There were well over 100 presentation sessions, as well as divisional meetings, panel discussions, and networking events that ranged from business breakfasts to tours of Chicago’s architectural sights. There was plenty of scope to avoid or embrace the wide range of issues and areas under discussion and I focused on taxonomies, Linked Data, image metadata, and then took a diversion into business research and propaganda.
I also thoroughly enjoyed the vendor demonstrations, especially the editorially curated and spam-free search engine Blekko, FastCase, and Law360 legal information vendors, and EOS library management systems.
My next posts will cover a few of the sessions I attended in more detail. Here’s the first:
Adding Value to Content through Linked Data
Joseph Busch of Taxonomy Strategies offered an overview of the world of Linked Data. The majority of Linked Data available in the “Linked Data Cloud” is US government data, with Life Sciences data in second place, which reflects the communities that are willing and able to make their data freely and publicly available. It is important to keep in mind the distinction between concept schemes – Dublin Core, FOAF, SKOS, which provide structures but no meanings – and semantic schemes – taxonomies, controlled vocabularies, ontologies, which provide meanings. Meanings are created through context and relationships, and many people assume that equivalence is simple and association is complex. However, establishing whether something is the “same” as something else is often far more difficult than simply asserting that two things are related to each other.
Many people also fail to use the full potential of their knowledge organization work. Vocabularies are tools that can be used to help solve problems by breaking down complex issues into key components, giving people ways of discussing ideas, and challenging perceptions.
The presentation by Joel Richard, web developer at the Smithsonian Libraries, focused on their botanic semantic project – digitizing and indexing Taxonomic Literature II. (I assume they have discussed taxonomies of taxonomy at some point!) This is a fifteen-volume guide to the literature of systemic botany published between 1753 and 1940. The International Association for Plant Taxonomy (IAPT) granted permission to the Smithsonian to release the work on the web under an open licence.

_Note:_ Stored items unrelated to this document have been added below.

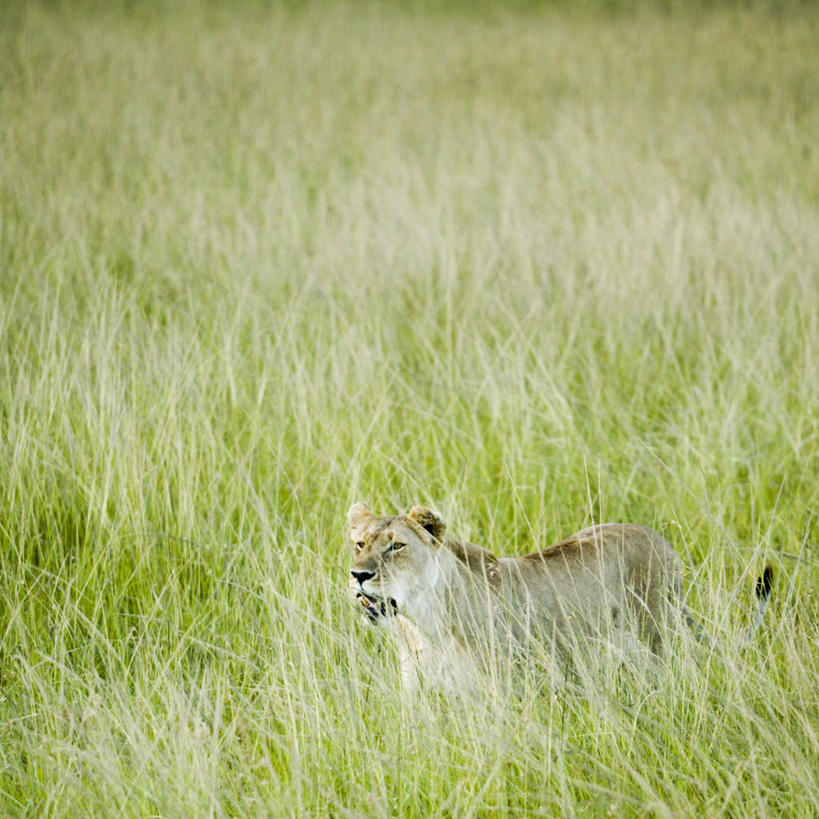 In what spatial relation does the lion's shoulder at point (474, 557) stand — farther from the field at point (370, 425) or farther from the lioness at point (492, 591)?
the field at point (370, 425)

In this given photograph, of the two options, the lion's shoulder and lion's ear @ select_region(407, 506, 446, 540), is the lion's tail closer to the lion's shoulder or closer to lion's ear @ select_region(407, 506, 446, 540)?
the lion's shoulder

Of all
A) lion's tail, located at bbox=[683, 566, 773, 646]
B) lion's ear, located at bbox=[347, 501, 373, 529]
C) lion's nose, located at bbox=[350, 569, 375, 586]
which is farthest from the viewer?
lion's ear, located at bbox=[347, 501, 373, 529]

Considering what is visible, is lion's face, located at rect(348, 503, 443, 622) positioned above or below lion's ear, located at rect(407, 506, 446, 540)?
below

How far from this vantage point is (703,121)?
9867 mm

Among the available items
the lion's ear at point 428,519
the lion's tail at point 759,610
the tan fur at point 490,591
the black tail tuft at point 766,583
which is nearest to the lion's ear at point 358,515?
the tan fur at point 490,591

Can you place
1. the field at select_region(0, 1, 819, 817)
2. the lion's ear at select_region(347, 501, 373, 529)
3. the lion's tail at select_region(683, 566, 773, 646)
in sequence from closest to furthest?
the field at select_region(0, 1, 819, 817)
the lion's tail at select_region(683, 566, 773, 646)
the lion's ear at select_region(347, 501, 373, 529)

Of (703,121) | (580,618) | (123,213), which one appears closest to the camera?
(580,618)

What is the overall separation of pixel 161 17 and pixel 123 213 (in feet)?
28.8

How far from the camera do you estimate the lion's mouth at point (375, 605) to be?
8.61ft

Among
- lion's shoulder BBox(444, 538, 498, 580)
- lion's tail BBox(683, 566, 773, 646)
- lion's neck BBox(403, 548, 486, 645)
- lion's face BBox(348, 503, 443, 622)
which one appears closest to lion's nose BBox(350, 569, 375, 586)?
lion's face BBox(348, 503, 443, 622)

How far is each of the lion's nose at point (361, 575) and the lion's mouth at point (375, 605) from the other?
0.10 ft

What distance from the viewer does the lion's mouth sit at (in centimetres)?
262

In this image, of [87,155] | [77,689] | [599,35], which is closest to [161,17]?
[599,35]

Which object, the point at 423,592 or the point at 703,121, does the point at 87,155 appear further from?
the point at 423,592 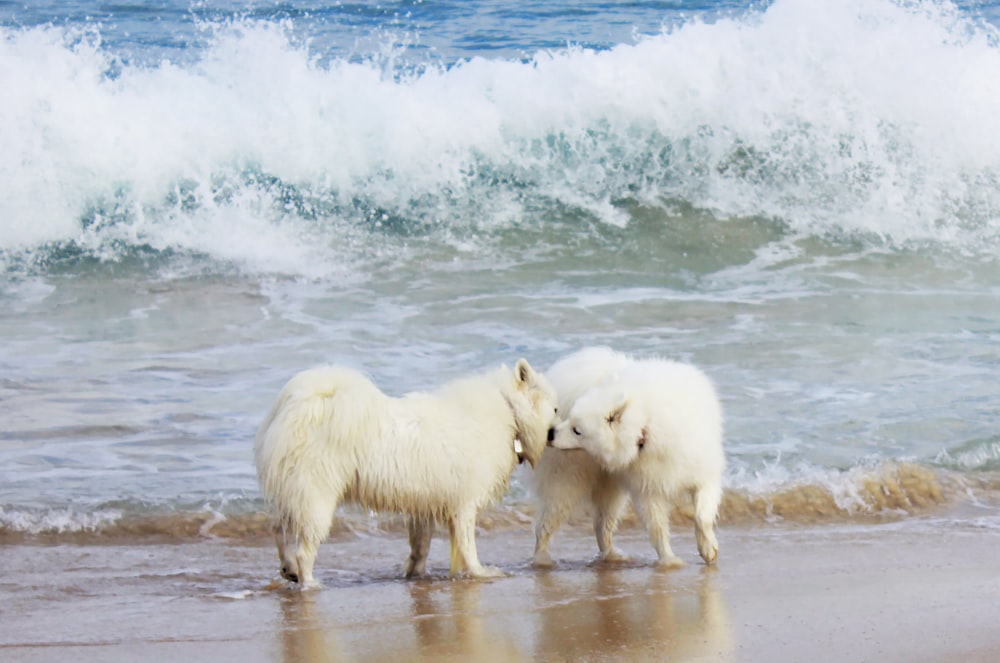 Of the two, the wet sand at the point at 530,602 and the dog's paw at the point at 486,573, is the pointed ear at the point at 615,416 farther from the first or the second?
the dog's paw at the point at 486,573

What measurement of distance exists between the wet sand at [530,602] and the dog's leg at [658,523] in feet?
0.37

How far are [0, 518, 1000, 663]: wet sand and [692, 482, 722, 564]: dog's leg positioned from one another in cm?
8

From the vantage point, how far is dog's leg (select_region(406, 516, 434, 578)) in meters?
5.93

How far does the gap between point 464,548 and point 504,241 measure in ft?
24.2

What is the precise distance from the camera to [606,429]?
589cm

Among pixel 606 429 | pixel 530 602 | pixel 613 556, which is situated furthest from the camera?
pixel 613 556

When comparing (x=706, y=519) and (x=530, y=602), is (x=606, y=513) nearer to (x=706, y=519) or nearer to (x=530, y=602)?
(x=706, y=519)

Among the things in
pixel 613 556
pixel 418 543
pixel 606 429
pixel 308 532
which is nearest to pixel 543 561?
pixel 613 556

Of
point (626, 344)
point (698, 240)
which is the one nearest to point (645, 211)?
point (698, 240)

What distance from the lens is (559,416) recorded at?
628 centimetres

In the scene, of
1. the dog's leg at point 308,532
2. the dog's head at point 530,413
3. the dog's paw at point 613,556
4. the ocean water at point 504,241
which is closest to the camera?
the dog's leg at point 308,532

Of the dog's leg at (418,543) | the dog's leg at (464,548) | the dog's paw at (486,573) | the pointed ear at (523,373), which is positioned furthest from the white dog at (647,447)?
the dog's leg at (418,543)

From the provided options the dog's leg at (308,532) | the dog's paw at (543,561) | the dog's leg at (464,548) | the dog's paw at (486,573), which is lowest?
the dog's paw at (543,561)

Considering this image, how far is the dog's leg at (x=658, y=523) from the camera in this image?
19.9ft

The books were scanned using OCR, which produced 99.97% accuracy, which sounds impressive but that actually means 5,000-12,000 errors – far too many for serious researchers. Errors in general text were less of a concern than errors in citations and other structured information, where – for example, mistaking an 8 for a 3 could be very misleading. After some cleanup work, the team next identified terms such as names and dates that could be parsed and tagged, and selected sets of pre-existing identifiers and vocabularies. They are continuing to look for ontologies that may be suitable for their data set. Other issues to think about are software and storage. They are using Drupal rather than a triplestore, but are concerned about scalability, so are trying to avoid creating billions of triples to manage.
Joel also outlined some of the benefits of using Linked Data, gave some examples of successful projects, and provided links to further resources.